And Fox, unlike most, doesn’t keep quiet about it.
“That we have this two-tiered system is a disgrace. The way we treat people who cannot afford to pay for private care is a disgrace. What happened to me – what is happening to other people, even as I write this – is a disgrace.”
Fox is a freelance journalist, a gig worker, a labourer, a server, a 30-something, working class person struggling to make rent. Rent that is only going up and up. A chapter is titled “Other People’s Houses, rent is documented by dollar value, whether or not utilities were included, and by year.” For homeowners, the chapter is deliberately unsettling.
Fox came to the Yukon in 2012 and found work plentiful, but the housing situation dire. During three years of being housing insecure, Fox interviewed the former minister responsible for the Yukon Housing Corporation, Pauline Frost, while homeless and living in a van.
Fox told the News in an interview May 26 that they’d “watched the territory get more and more expensive, and have less and less options for working class people over the last decade.”
Fox is critical of the Whitehorse elites, the government workers and the resources extractors who congregate in the capital city. Fox cites the median household income disparity between Whitehorse’s $93,600 and Ross River’s $45,000, which is half of the median income of Whitehorse.
“Folks in the communities, especially rural folks, tend to make less money because they don’t have access to those government jobs,” Fox says, “The disparity is incredible.”
Fox’s heart lies with the working class, people who labor in low paying jobs and do not own property. The dedication in the book reads: “For my people, the working classes, who cook the meals and pick the fruit, who serve the tables and stock the shelves, who work the gigs and deliver the orders. We are the makers and builders and doers of this world, and all that is in it belongs to us.”
The book is Fox-raw: railing, angry, and exposed.
“The book is incredibly vulnerable. I’m incredibly blunt, and really upfront with some very difficult things. And I pull no punches.”
They add, “And that will not be a surprise to anyone who has ever read anything I’ve ever written”.
This Has Always Been a War is a mix of essays and stories, some previously published, many not. The book takes a longer view. The book looks back to childhood and why it matters, and how the truths that came to be, remain. And then, can change.

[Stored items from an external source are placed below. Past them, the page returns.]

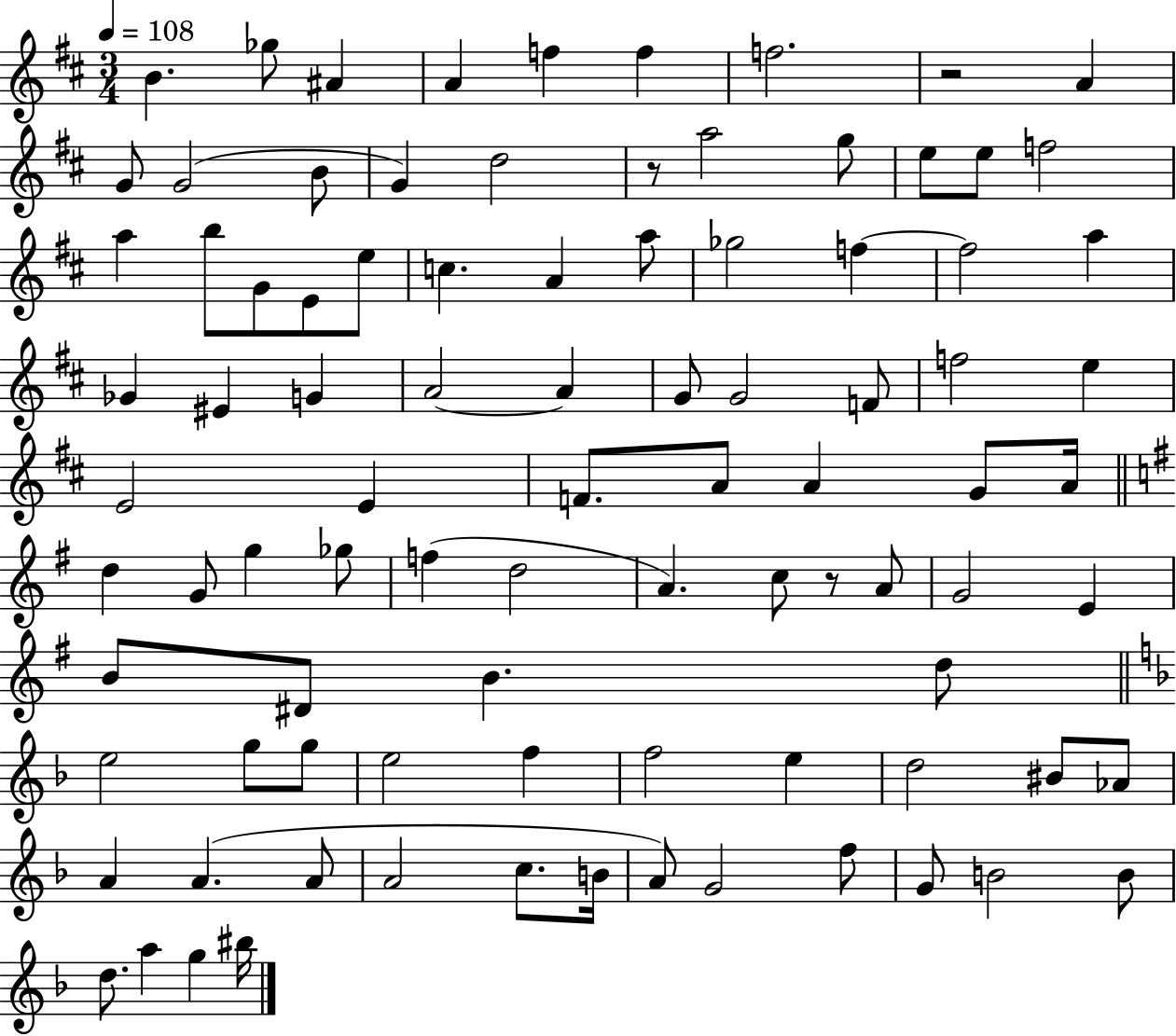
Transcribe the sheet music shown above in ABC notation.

X:1
T:Untitled
M:3/4
L:1/4
K:D
B _g/2 ^A A f f f2 z2 A G/2 G2 B/2 G d2 z/2 a2 g/2 e/2 e/2 f2 a b/2 G/2 E/2 e/2 c A a/2 _g2 f f2 a _G ^E G A2 A G/2 G2 F/2 f2 e E2 E F/2 A/2 A G/2 A/4 d G/2 g _g/2 f d2 A c/2 z/2 A/2 G2 E B/2 ^D/2 B d/2 e2 g/2 g/2 e2 f f2 e d2 ^B/2 _A/2 A A A/2 A2 c/2 B/4 A/2 G2 f/2 G/2 B2 B/2 d/2 a g ^b/4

Fox spreads their arguments through a read of incidents, accidents and injustices; through jobs and locations linked together with perseverance and hard work.
Fox wields a pointy stick at systems of preference that ignores those without financial means, skin tones other than white, or varied genders and sexual orientations. A system that serves to make those most like it, more comfortable.
For example, reflecting upon Saltspring Island, British Columbia, Fox describes the split between the landowners and workers on the well-groomed island.
“It was an island of the rich and their servants.”
They described how that the only places to live were on landowners’ property who wanted labour in return for lodging.
In another chapter, while thinning fruit in the B.C.’s Okanagan region, Fox wrote, “I just want to know why one man should have two houses and an orchard full of fruit when other people in his village don’t even have a bed and a place to keep their beer cold.”
But Fox looks beyond. A childhood chapter reveals the stubborn harshness of their brutish father, yet recognizes that he is not just one thing. Fox understands the complexity of the human condition, and a larger rationale of the systems that created it.
“There’s no one story, no one straight narrative that can be told about a person, no matter how much we would like there to be,” Fox writes.
The book’s back-and -forth moves between specific events, and huge ideas. Small incidents are juxtaposed with larger concepts.
Fox writes, “Every little act of cruelty, whether intentional or not, makes us a little less than we were, than we would have been. It takes something from us. That’s what patriarchy is. That’s what capitalism is.”
“We cannot be absolved of responsibility for our actions. It’s okay to buy sneakers made in sweatshops and to drive gas-guzzling, carbon monoxide-spewing SUVs and to live guiltlessly on stolen land, because that’s just how it is.”
Fox challenges the status quo, and believes in our ability to change. They write: “So many things, really, are the way they are because we are taught — because we assume — that the way things are, is the way things have to be.”
“The way the world is today, right now, is not the way it has to be.”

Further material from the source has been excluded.